• **Records provided**:
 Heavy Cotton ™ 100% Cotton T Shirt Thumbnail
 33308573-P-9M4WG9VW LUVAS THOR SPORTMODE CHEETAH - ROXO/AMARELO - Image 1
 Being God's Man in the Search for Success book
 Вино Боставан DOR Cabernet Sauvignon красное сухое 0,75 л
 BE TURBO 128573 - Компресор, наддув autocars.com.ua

==

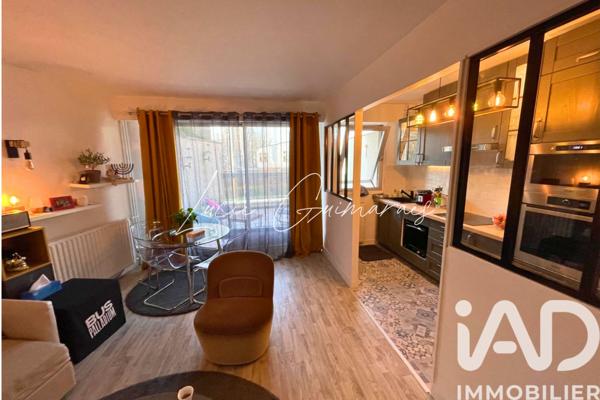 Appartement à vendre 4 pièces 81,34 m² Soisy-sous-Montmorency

• **Task prompt**:
Print the lines above from the one with "33308573-P-9M4WG9VW LUVAS THOR" through the one with "BE TURBO 128573", both included, exactly as written and nothing more.

• **Output below**:
 33308573-P-9M4WG9VW LUVAS THOR SPORTMODE CHEETAH - ROXO/AMARELO - Image 1
 Being God's Man in the Search for Success book
 Вино Боставан DOR Cabernet Sauvignon красное сухое 0,75 л
 BE TURBO 128573 - Компресор, наддув autocars.com.ua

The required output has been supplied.